Je n’ai pas l’habitude de m’exprimer sur ce qui se passe dans l’officiel, vous savez…

— Oui mais, quand même, vous êtes aussi un citoyen, un observateur…

Ah !… Alors, comme observateur, je peux vous dire ceci… Il y a la stratégie 1 : on actualise le pacte scolaire. Et la stratégie 2 : on le dépasse.

— Actualiser : dans quel sens ?

On confirme l’enseignement des religions, comme il est organisé aujourd’hui. Mais l’autorité publique fixerait des conditions. Elle pourrait exiger que ces cours soient enseignés en français ; que les enseignants de religion soient formés — aujourd’hui, ce n’est pas organisé ou imposé pour toutes les religions. L’autorité pourrait fixer des éléments à mettre dans les programmes, prévoir qu’il faut son agrément pour ces programmes et, enfin, contrôler les cours et les enseignants par une inspection appropriée.

— Et la stratégie 2, c’est quoi ?

J’observe la volonté du monde laïque et de ses organisations de repousser la religion en dehors du champ de l’école, le plus loin possible. Et comme la Constitution ne le permet pas totalement, l’option retenue est la réduction des 2 heures de religion à 1 heure par semaine, combiné à un système de dispense et l’introduction d’un cours de citoyenneté. On dépasse le pacte scolaire. C’est l’intuition du courant laïque traditionnel, qui vise à repousser le religieux dans la sphère privée.

— Et c’est une bonne idée, ça ?

Le fanatisme religieux, ce n’est pas la religion mais la pathologie de la religion. Et le problème, c’est que le fanatisme religieux ne se laisse pas enfermer dans la sphère privée. Au contraire. Avec les attentats, il fait violemment irruption dans la sphère publique.

— Que faire ?

Faut-il laisser l’enseignement de la religion s’opérer de façon informelle ? Ne prendrait-on pas le risque de laisser les prédicateurs agir dans les arrière-salles de café ? De laisser les idées simplistes prendre le pas sur un enseignement plus raisonné de la religion et sur un rapport plus raisonné au religieux ?
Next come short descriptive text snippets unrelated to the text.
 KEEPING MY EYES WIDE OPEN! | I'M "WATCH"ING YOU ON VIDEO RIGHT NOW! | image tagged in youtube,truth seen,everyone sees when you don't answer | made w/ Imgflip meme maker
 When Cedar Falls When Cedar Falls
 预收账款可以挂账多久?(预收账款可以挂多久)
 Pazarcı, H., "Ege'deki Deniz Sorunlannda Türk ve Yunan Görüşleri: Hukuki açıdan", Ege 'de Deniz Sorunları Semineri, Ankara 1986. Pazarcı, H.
Sur un plan philosophique : dans un entretien qu’ils ont eu en 2004, le sociologue allemand Jürgen Habermas et le futur pape Joseph Ratzinger ont convenu de la nécessité d’un dialogue entre la raison et les religions. La religion livrée à elle-même peut produire des pathologies, comme le djihadisme. Mais la raison peut aussi manquer de sagesse — les armes de destruction massive sont un produit de la raison. Et il est bon pour l’équilibre de notre société que la possession de ces armes ne soit pas dissociée du commandement religieux « tu ne tueras point ». C’est cet équilibre qui fait que nous avons des armes atomiques et que nous nous interdisons de les utiliser.

Pour le sociologue Alain Touraine, nous devrions réarticuler ce que notre époque tend à dissocier. Il faut essayer de réarticuler raison et religion. C’est ce que nous faisons à l’école catholique où le cours de religion a intégré le questionnement philosophique, le dialogue interconvictionnel et la citoyenneté. Vous voyez : on articule religion et citoyenneté au lieu de dissocier. C’est notre option.
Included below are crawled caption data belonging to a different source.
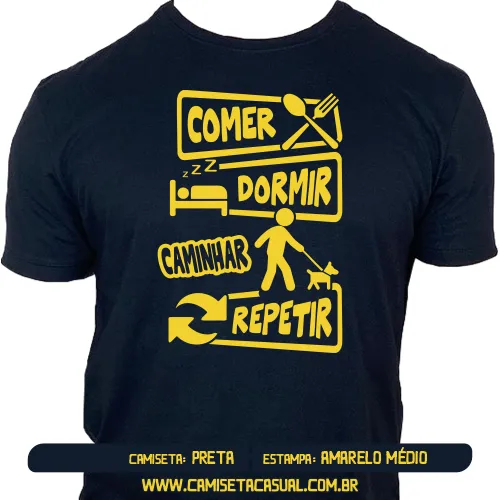 Camiseta Comer Dormir Caminhar Repetir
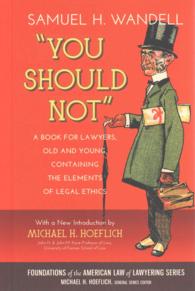 You Should Not. a Book for Lawyers, Old and Young, Containing the Elements of Legal Ethics -- Hardback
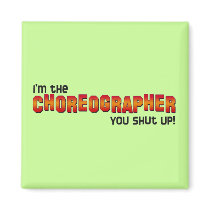 I'm the Choreographer, You Shut Up! Fridge Magnets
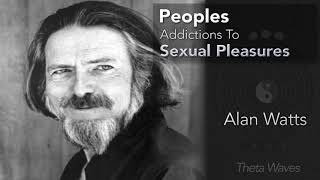 Peoples Addictions To Sexual Pleasures - Alan Watts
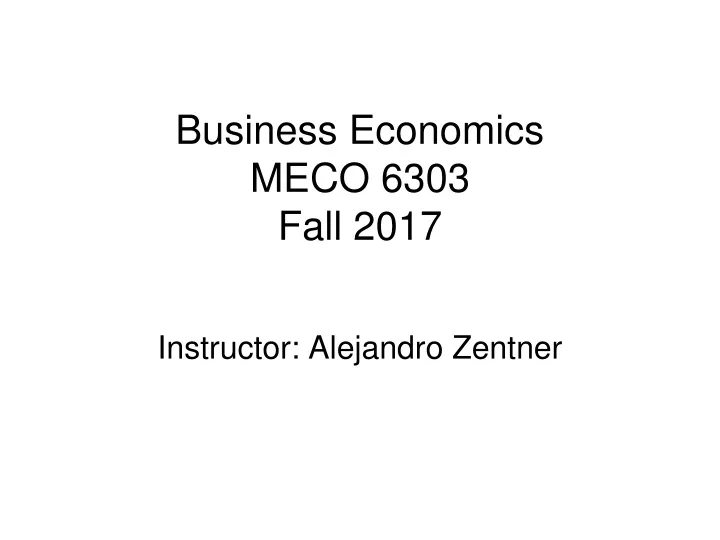 business economics meco 6303 fall 2017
Et je vois bien que l’école officielle, pour des raisons que je respecte, prend un autre chemin : dissocier religion et citoyenneté. Avec des problèmes de cohérence. Par exemple, il se pourrait que ce qui sera exposé au cours de citoyenneté ne s’articule pas spontanément et de manière cohérente avec ce qui se dit au cours de religion islamique.

— Il y a trois ans, le Segec [Secrétariat général de l’enseignement catholique] s’était demandé s’il ne serait pas opportun de permettre au réseau catholique d’organiser le cours de religion islamique. Qu’en est-il ?
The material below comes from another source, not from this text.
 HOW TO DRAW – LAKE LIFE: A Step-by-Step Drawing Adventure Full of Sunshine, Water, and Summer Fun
C’était une question. A l’époque, elle a suscité des réactions très vives dans le monde laïque qui a estimé que nous voulions augmenter nos parts d’achats. Ce n’est pas ça. Mais on a bien vu que cette question n’a pas beaucoup d’espace dans le champ politique. Mais elle reste : comment conduire une population à développer un rapport raisonné à sa propre religion ?

— Et ça, seule l’école peut le faire ?

C’est à l’école de faire ce genre de travail, oui.

Etienne Michel dirige le Secrétariat général de l’enseignement catholique. Source : Le Soir, 25-3-15, p. 24.